WEAK PREPARATIONS DURING DEVELOPMENT
LED TO PROBLEMS IN PRODUCTION
The Department of Defense's (DoD) policy regarding production management states that production risks should be identified as early as possible, beginning with the first stages of development, and that these risks shall be reduced to acceptable levels before a production decision. The policy also states that production engineering and production planning should be done throughout full-scale development; voids in production technologies should be identified and addressed; and before proceeding into production, contractors should demonstrate the capabilities to produce within cost and schedule. Systems are prepared for production through a myriad of actions, which build continuously from the initial design until full production rates are obtained. (See pp. 2 to 5.)
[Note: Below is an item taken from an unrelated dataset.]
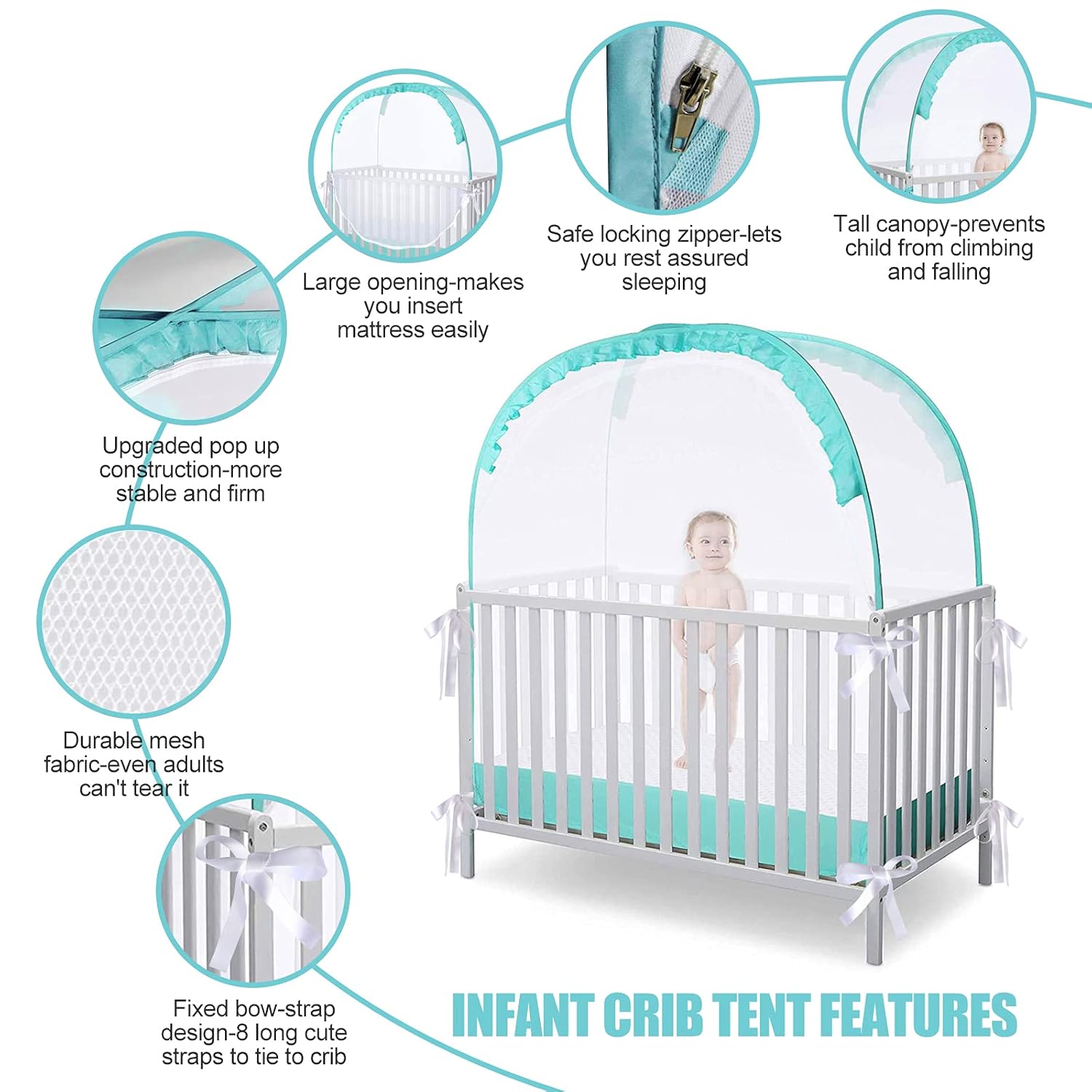 crib topper tent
In varying degrees, production preparations for the Copperhead, the Black Hawk, the Tomahawk, and the HARM programs were sporadic and under funded and were largely compressed into the late stages of development and early production. As a result, these weapons encountered significant difficulties when production was attempted, which resulted in increased costs, delayed deliveries, and slower attainment of higher, more efficient production rates. On the other hand, production preparations for the F-16 and the ALCM were thorough and timely. Consequently, these two weapon systems entered production without delay and major cost increases. (See pp. 9 to 16 and 20 to 27.)
CONDITIONS OF THE DEVELOPMENT PHASE
STRONGLY INFLUENCED PRODUCTION PREPARATIONS
Several conditions of these weapons' development phases directly affected the manner and thoroughness of their production preparations. These were:
— whether pressures to achieve technical performance requirements dominated the development phase,
— whether sufficient program management attention and staff resources were devoted to production concerns, and
— whether funding and quantity stability permitted early and serious consideration of production matters during the development phases. (See page 16 and pp. 30 to 41.)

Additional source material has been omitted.